Summer trip to Ireland proves memorable


The Mirror reporter

Some of the students from who traveled to Ireland this past summer were (left to right) Rachel Kawleski, Lauren Gerads, Hannah Buelow and AJ Fleiger. (SPASH Photo)

In June of 2016 art department students of Stevens Point Area Senior High (SPASH) attended a trip to Ireland that lasted 13 days.

Seven SPASH students and one staff member, Roberta Laine, joined 42 other high school students from across the country.

The students who attended were Seth Filtz, Olivia Schilcher, Deven Moore, Rachel Kawleski, Lauren Gerads, Hannah Buelow and AJ Fleiger.

The group toured the Republic of Ireland in Southern Ireland, and half the group continued to tour the Northern Island.

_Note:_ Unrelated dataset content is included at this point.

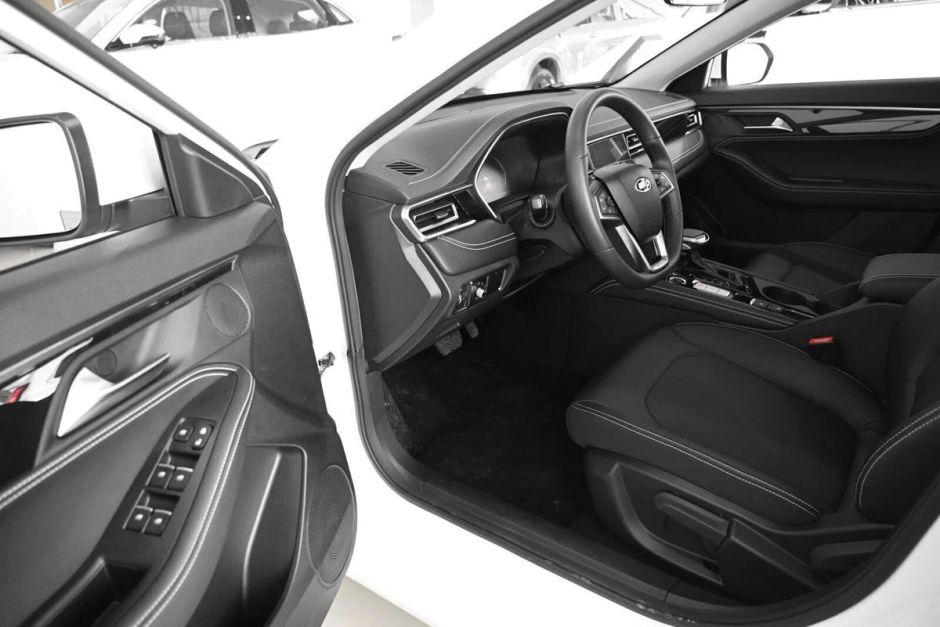 JAC J7 Luxury 1.5 CVT, 2024 фото 14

“I think people are more alike than they are different,” Laine said when talking about the culture difference between people in the United States (US) and Ireland.

Just like people in the US, the Irish people have a great sense of humor and use it to tell amazing stories.

“My favorite memory was definitely the bus ride through the barrens. The barrens are the rocky and hilly parts of Ireland, where there are rarely any habitable places for humans or animals. How expansive and how untouched by pollutants the land was unfathomable. I had never seen anything like it in my life,” student Hannah Buelow said.

“One of my favorite moments from the trip was when we were traveling cross country by bus, we traveled through the county of Limerick. Our tour guide had a contest for who could write the best limerick. The limerick had to have something to do with what we had seen on the trip or that had happened on the trip. It was the most fun experience and made the long bus ride a pure hoot. Such good limerick writers on that bus trip. We laughed a lot that day,” Laine said.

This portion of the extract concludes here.